Hmm. I hadn't considered using nodeapi - but don't forget "update" (a node could have a URL added after it is originally created). If you use filter code, an admin form is 80% complete for you. As a matter of fact, a major portion of the whole module is available just by copying the URL filter.

I'm not a big fan of the "drupal_execute" method. I prefer a simple "node_submit," which I think is more straightforward and easier to use. I think it is also less susceptible to core changes.

Comment #9

NancyDru

she/her/hers

English

Boston

CreditAttribution: NancyDru commented 3 October 2008 at 22:29

/**
 * Function to build a Web Links node.
 */
function weblinks_collector_make_node($link, $unpublish) {
  global $user;
  $node = array(
    'type' => 'weblinks',
    'body' => $link['body'],
    'title' => $link['title'],
    'created' => time(),
    'uid' => $user->uid,
    'name' => $user->uid ? $user->name : variable_get('anonymous', t('Anonymous')),
    'status' => !$unpublish,
    'format' => variable_get('weblinks_format', FILTER_FORMAT_DEFAULT),
    'comment' => variable_get('comment_weblinks', 0),
    );
  $node_options = variable_get('node_options_weblinks', array('status', 'promote'));
  foreach (array('promote', 'sticky', 'revision') as $key) {
    $node[$key] = in_array($key, $node_options) ? 1 : 0;
  }

  // Okay, let's get it done. Node_submit will prepare it and make it an object.
  $node = node_submit($node);
  node_save($node);

  drupal_set_message(decode_entities(t("Created Web Links: %link.", array('%link' => l($node->title, 'node/'. $node->nid)))));
}

Comment #10

NancyDru

she/her/hers

English

Boston

CreditAttribution: NancyDru commented 3 October 2008 at 22:51

Sebastiaan, please contact me through my contact form.

Comment #11

NancyDru

she/her/hers

English

Boston

CreditAttribution: NancyDru commented 4 October 2008 at 15:12

Sebastiaan, please contact me through my contact form.

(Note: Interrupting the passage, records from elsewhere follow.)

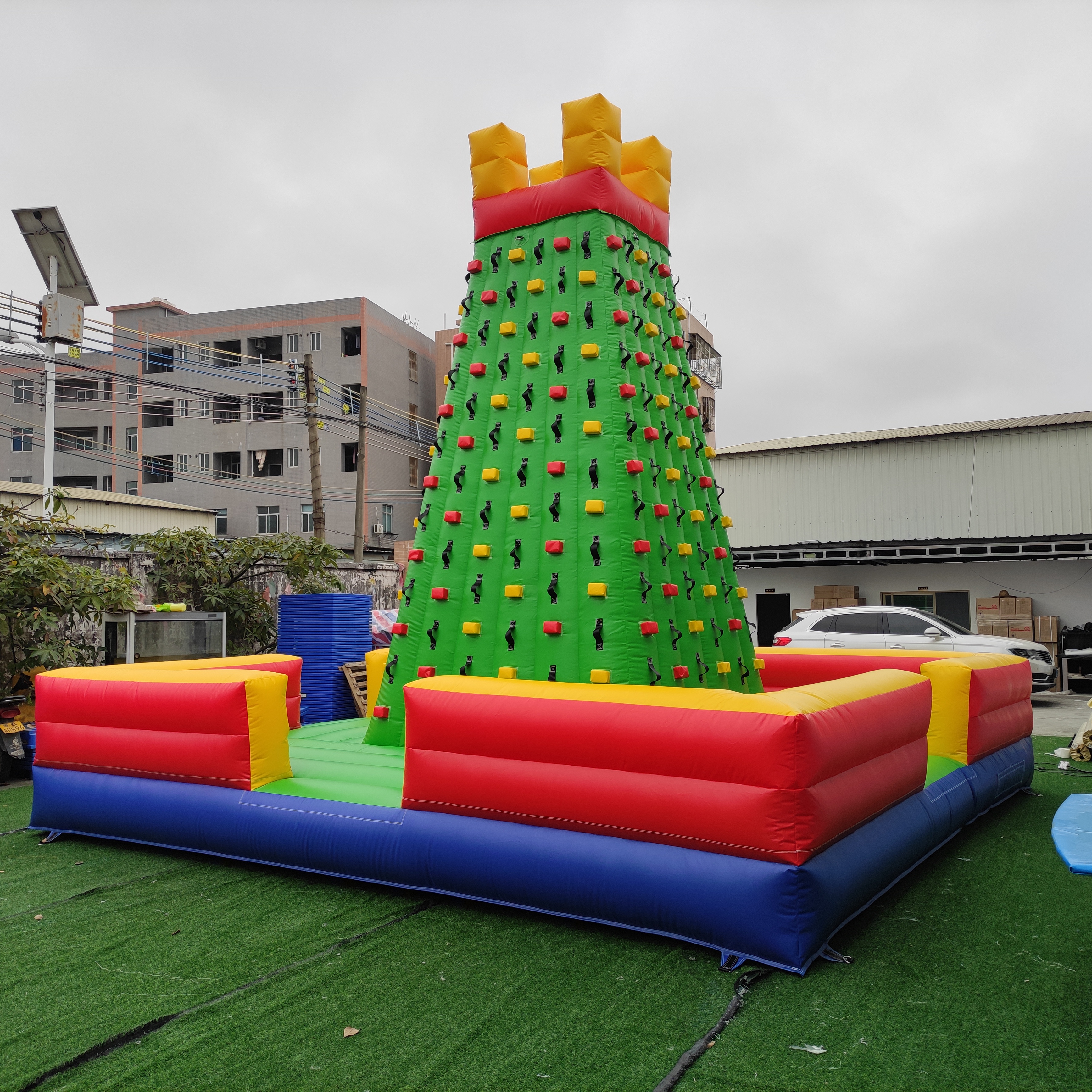 Outdoor Inflatable Rock Climbi - огляд і ціна Kids Outdoor Climbing Wall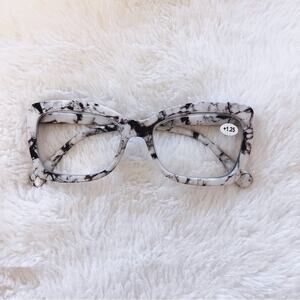 Leila White Marble Cateye Oversized Reader Glasses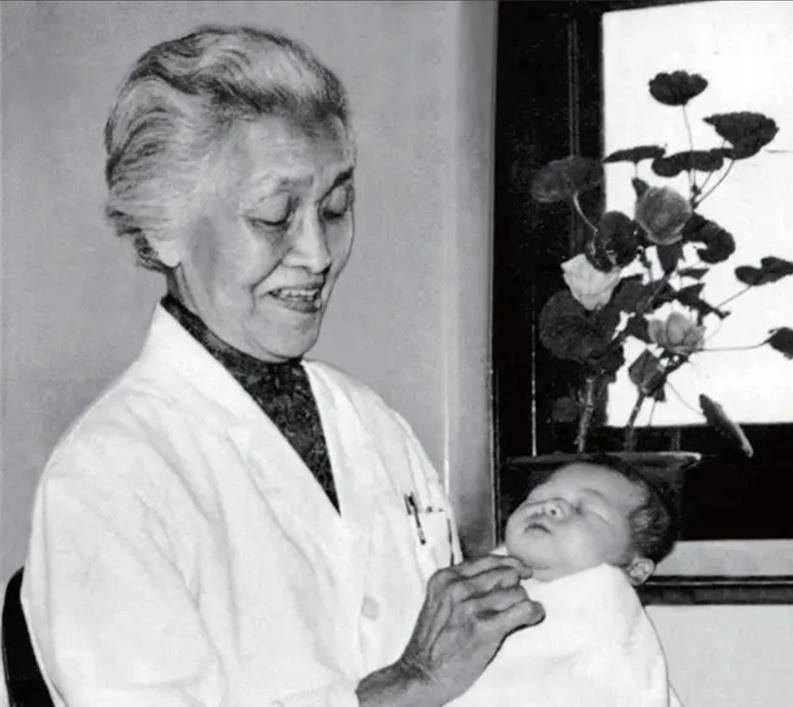 万婴之母林巧稚:一生未婚,袁隆平由她接生,钟南山叫她姑婆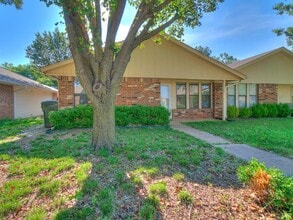 1213 Clearwater Dr in Norman, OK - Building Photo - Building Photo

I did sit down and spend a little time coding this as a filter module. Now that it works, I discovered that it is the wrong way to approach it. (However, the code may be helpful to you.) Probably your hook_nodeapi approach is better.

There are some other issues as well.

Drupal guidelines call for filtering on OUTPUT (and you are filtering however you do it). This is probably a case where that rule needs to be violated, as I will describe.

The big problem with my filter technique is that every time the cache is cleared and that content is viewed, it will be re-filtered. This means that the collection will happen all over again, resulting, potentially, in many duplicate links. When is the cache cleared? Some examples you might not suspect are: every time a node is created or deleted, and any time the taxonomy is altered, and any time you run update.php.

The only ways I can see to avoid this is to either keep another table indicating which nodes have been processed or to actually modify the content on input (violating the guidelines). This may very well confuse (or anger) the users if they go back and edit the node later.

Having said all that, I still like the idea. It just needs more thought and a lot of testing.

Comment #12

sevanden CreditAttribution: sevanden commented 5 October 2008 at 06:00

You're absolutely right about the filtering issue, the code would run over and over again. I think the best way to avoid this is to actually scan the node when it has been submitted (and passed validation), that's why I would prefer to use _nodeapi function instead.

I've also noticed the duplicate link issue and I'm added additional checks to my code for this (but if I'm not mistaken the Web Links module has some checks for that already). Aside from that, I think we need to identify the front page of the URL if we want to keep things clean.

I'm currently still working on some code to retrieve meta data from the websites which might prove useful to fill in the description and title field of the link. I was even thinking about retrieving keywords and have those suggested as terms for the link, but that's for much later.

I'm also trying the best I can to document my code as much as possible.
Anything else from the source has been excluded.